Just the other day I was thinking of the role that women in leadership must play to help society move towards gender equality by cooperating with women’s civil society organizations. This duty is often clouded by “differences” between women in various leadership posts.
At the call of the The Jordanian National Commission for Women (JNCW), women ministers, deputies, mayors, and others met last week to discuss ways to cooperate to lobby for women’s causes in the country. This is a good step forward I think, but I withhold judgment until something tangible comes out of it — like suggestions to achieve equality for women in the various laws.
Take this an example of legal and social discrimination against women in Jordan:
20-year-old kills his sister in so-called honour crime
By Rana Husseini
AMMAN - The criminal prosecutor on Saturday charged a 20-year-old man with the premeditated murder of his younger married sister in the Jordan Valley for reasons related to family honour, official sources said.
The suspect reportedly confessed to stabbing his sibling to death at their family home a day after she was released from custody by the administrative governor, the source told The Jordan Times.
After the incident, the suspect waited for the police to come and arrest him and when they arrived at the scene, he claimed he killed his sibling, who was married at the age of 16 and had a one-year-old child, to cleanse his family’s honour, the source added.
His sister’s husband accused her of seeing other men and she went missing from his home a few days before the incident, according to the source.

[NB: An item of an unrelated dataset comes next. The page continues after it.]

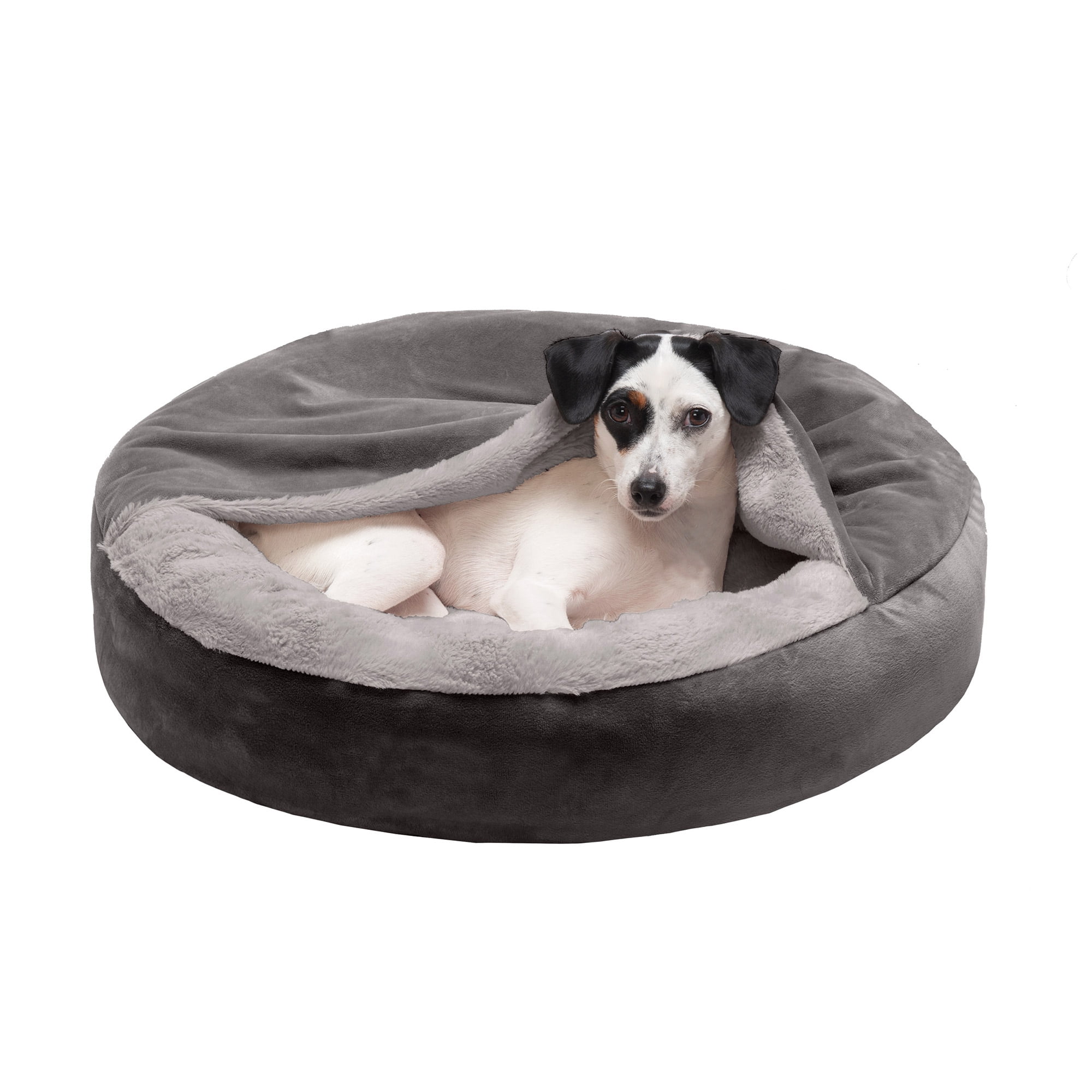 FurHaven Pet Dog Bed | Wave Faux Fur & Velvet Hooded Donut Pet Bed for Dogs & Cats, Dark Gray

“The authorities found the victim and she was detained for a while by the administrative governor, who handed her over to her family on Thursday after her father signed a JD5,000 guarantee that he would not harm his daughter,” the source said.
The victim went home with her father on Thursday and on Friday morning her brother murdered her, the source said, adding that the criminal prosecutor did not press charges against other family members, but ordered her brother detained.
The victim’s husband refused to press charges against the suspect, a source close to the investigation told The Jordan Times.
The victim became the seventh woman to be killed in a so-called honour crime in Jordan since the beginning of the year.
She is also the third woman to be killed for reasons related to family honour in May.
Every time something as atrocious as this happens in my country, I feel a piece of me has died. When I think about it, I feel that I am powerless except to shout from the bottom of an abyss. There has to be something you and I can do about it, I hate to think we are so insignificant in the face of organized and legalized murder. What can we do?
“What can we do?”
That’s the only matter of discussion here. We’re not gonna discuss whether her brother had the right to do it or not, nor the role of her family, nor the role of her husband
. And I hope, I just hope, that we won’t spend our time discussing the fact that the brother is most likely a victim himself, and imagining different scenarios on how they persuaded him and such.
Positive procedures in order to stop this legally-allowed free kill must consider the following:
They’re all in it together. The government that allows this kill to go unpunished, the parliament -that is either too ignorant or too close-minded- that wouldn’t dare pass a law that stops this, the religion men -that are too scared to stare this issue in the eye- that they won’t dare touch it with a 100 feet pole, and last -but not the least- the Society that approves this crime, runs and then then rewards it.
GO ahead and persuade hundreds of thousands of years of male-domination that it is NOT OK to kill your sister if she speaks with a boy, you’re NOT being a good brother.
Let’s gather, us women of Jordan. Let’s start with a meeting, with the King and Queen. Somehow, somewhere. Let’s not give up even if we’re rejected a million times. Let’s start this, even if we don’t finish, let’s just start.
http://www.youtube.com/watch?v=EIiaCu2HhrM
Damn.
I only read this now, i went back to alghad archives and I didn’t find anything about this. How come?!
So what happens to the brother? Are we sure he will receive a reduced sentence?
Most likely
since the husband refused to press charges. Plus this crime was committed in a “state of anger”, or whatever. Most cases, the brother spends six months in jail (most of this time would pass in the process of trial….etc) and then comes out to the society as the hero they made him think he is. well-played, huh?